The Madison City Council on Tuesday approved a resolution that allows the city to send Madison police officers to Milwaukee for 10 days surrounding the convention at Fiserv Forum, scheduled to be held July 13-16. The resolution authorizes the mayor, police chief and the city clerk to sign an agreement with Milwaukee to provide the law enforcement, with Milwaukee reimbursing costs at an estimated $1 million.
The resolution does not specify how many officers Madison would send, but Assistant Police Chief Paige Valenta told the Wisconsin State Journal in late February that the police department was considering sending 50 to 100 officers.
The Madison Police Department has an authorized strength of 482 sworn personnel, and officers would be drawn from all areas of the department.

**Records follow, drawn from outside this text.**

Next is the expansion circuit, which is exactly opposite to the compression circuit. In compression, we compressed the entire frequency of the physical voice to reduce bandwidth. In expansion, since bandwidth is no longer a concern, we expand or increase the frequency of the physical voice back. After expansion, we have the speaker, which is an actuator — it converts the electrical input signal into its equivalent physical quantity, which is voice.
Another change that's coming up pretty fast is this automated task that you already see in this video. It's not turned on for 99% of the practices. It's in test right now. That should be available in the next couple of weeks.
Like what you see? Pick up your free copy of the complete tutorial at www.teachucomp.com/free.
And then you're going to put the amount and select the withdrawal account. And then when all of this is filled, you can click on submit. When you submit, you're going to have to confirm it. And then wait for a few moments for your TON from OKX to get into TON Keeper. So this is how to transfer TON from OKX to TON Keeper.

Additional administrative costs of up to $10,000, mostly related to scheduling and payroll, would not be reimbursed by Milwaukee. Those costs would be absorbed by the city of Madison.

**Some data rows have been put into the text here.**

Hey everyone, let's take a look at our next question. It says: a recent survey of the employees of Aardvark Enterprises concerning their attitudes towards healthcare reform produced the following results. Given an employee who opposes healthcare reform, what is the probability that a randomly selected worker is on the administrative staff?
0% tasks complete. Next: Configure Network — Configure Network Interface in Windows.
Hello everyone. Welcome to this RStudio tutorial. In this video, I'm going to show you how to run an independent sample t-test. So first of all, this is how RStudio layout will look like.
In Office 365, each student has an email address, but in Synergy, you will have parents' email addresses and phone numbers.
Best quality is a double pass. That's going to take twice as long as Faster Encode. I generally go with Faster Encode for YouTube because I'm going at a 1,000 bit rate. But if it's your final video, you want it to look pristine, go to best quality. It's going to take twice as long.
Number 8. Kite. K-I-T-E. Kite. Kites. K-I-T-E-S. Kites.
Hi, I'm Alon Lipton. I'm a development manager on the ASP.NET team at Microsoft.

That’s all assuming that the convention doesn’t get canceled or curtailed because of the ongoing COVID-19 coronavirus pandemic.
COVID-19 and city government
At Tuesday’s meeting, City Council members sat six feet apart from each other and had a limited audience based on recommendations to prevent community spread of COVID-19.
Although 16 members of the council were present, along with a handful of city staff members, the meeting was not in violation of Gov. Tony Evers’ order to limit gatherings to less than 10 people because state and local government meetings are exempt from that order.
To allow for more stringent social distancing in future meetings, the council passed two ordinances that will change city meeting practices during the public health emergency.
One of the ordinances prohibits city meetings from being held during an officially declared emergency, unless the mayor and council president “determine the meeting is necessary to provide essential functions or support to the operations of the city,” according to the ordinance.
The other allows members to attend meetings held during such an emergency by electronic means.
In a memo, Mayor Satya Rhodes-Conway and City Council President Shiva Bidar said they believe it is critical for the council to continue as scheduled because it is “the final and official actor” on city business.
“Let us be clear that the (City) Council will keep meeting as scheduled,” they said. “The only question is if we will meet in person or remotely.”
A select few committees, including the Finance Committee and Plan Commission, will also continue to meet in person or remotely.
Any meetings held virtually will be available to the public to watch online via the Madison City Channel, or other online means, though the city channel is not always reliable.
On Tuesday, for instance, the council meeting was not available to watch online for almost the entire first hour of the two-hour meeting.
City Information Technology spokeswoman Sarah Edgerton said access to city meetings is an “essential service” to the public during this time, and her department is working to build up the technical infrastructure needed to move meetings online.
Said Bidar: “This is a huge lift. It’s not going to be easy, and I expect that we are going to find some technical difficulties in the way.”